Palestinians mourn their relatives who were killed in an Israeli military strike on Gaza, during their funeral in al-Shifa hospital in Gaza City, Tuesday, June 10, 2025. (AP Photo/Jehad Alshrafi)
Palestinians mourn their relatives who were killed in an Israeli military strike on Gaza, during their funeral in al-Shifa hospital in Gaza City, Tuesday, June 10, 2025. (AP Photo/Jehad Alshrafi)

The world saw the highest number of armed conflicts in almost 80 years in 2024, dethroning 2023 as a record year, a Norwegian study published Wednesday showed, highlighting the risks linked to a US disengagement.

Last year, 61 conflicts were registered in the world across 36 countries, with some countries experiencing several simultaneous conflicts, the report by the Peace Research Institute of Oslo (Prio) said.
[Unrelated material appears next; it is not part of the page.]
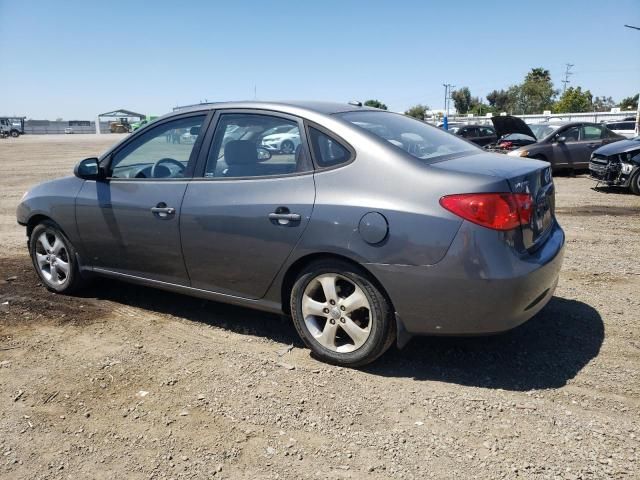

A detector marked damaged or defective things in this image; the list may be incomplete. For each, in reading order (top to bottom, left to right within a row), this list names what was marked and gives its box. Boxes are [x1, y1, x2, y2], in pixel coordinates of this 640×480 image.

damaged black car [592, 135, 640, 195]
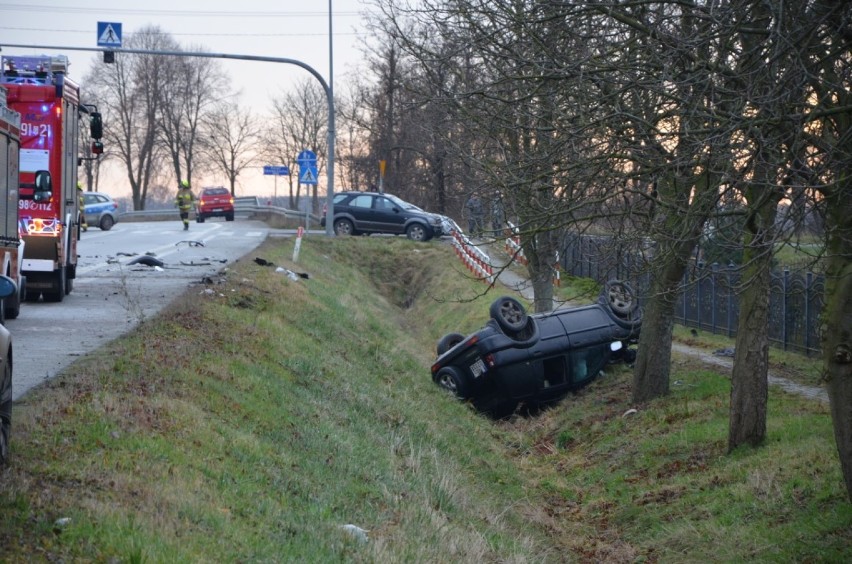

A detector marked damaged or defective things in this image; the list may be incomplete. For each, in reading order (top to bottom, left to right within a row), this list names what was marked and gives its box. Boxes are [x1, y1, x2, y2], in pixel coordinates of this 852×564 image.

In 2023, there were 59 conflicts in 34 countries, AFP reported.

"This is not just a spike -- it's a structural shift," said Siri Aas Rustad, the main author of the report which covers trends in armed conflicts in the period 1946-2024.
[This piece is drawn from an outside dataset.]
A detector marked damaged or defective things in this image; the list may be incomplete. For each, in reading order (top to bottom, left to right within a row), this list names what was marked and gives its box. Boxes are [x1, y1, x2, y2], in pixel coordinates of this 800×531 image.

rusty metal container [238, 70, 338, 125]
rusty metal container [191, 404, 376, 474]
"The world today is far more violent, and far more fragmented, than it was a decade ago," she said.

Africa remained the most ravaged continent, with 28 conflicts involving at least one state, followed by Asia with 17, the Middle East with 10, Europe with three and the Americas with two.

More than half of these countries experienced two or more conflicts.
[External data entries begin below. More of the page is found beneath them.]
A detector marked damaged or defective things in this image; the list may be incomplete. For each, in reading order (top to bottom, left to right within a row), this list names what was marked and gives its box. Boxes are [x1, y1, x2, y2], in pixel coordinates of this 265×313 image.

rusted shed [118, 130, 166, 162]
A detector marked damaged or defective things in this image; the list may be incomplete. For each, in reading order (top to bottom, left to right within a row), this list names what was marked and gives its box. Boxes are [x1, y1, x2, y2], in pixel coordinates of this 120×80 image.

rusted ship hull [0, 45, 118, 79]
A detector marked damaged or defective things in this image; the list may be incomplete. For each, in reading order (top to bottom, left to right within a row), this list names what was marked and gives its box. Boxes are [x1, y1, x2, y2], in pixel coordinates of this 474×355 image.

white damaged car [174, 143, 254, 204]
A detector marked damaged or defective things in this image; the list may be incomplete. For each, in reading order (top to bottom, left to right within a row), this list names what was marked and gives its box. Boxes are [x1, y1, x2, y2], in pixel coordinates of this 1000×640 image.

The number of deaths resulting from fighting remained around the same level as in 2023, at about 129,000, making 2024 the fourth-deadliest year since the end of the Cold War in 1989, the study said.

The death toll was led by the wars in Ukraine and the Gaza Strip, as well as clashes in the Tigray region of Ethiopia.

"Now is not the time for the United States -– or any global power -– to retreat from international engagement," Rustad said.

"Isolationism in the face of rising global violence would be a profound mistake with long-term human life consequences," she said, a reference to US President Donald Trump's "America First" campaign.

"It is a mistake to assume the world can look away. Whether under President Trump or any future administration, abandoning global solidarity now would mean walking away from the very stability the US helped build after 1945," she said.

The study is based on data compiled by Sweden's Uppsala University.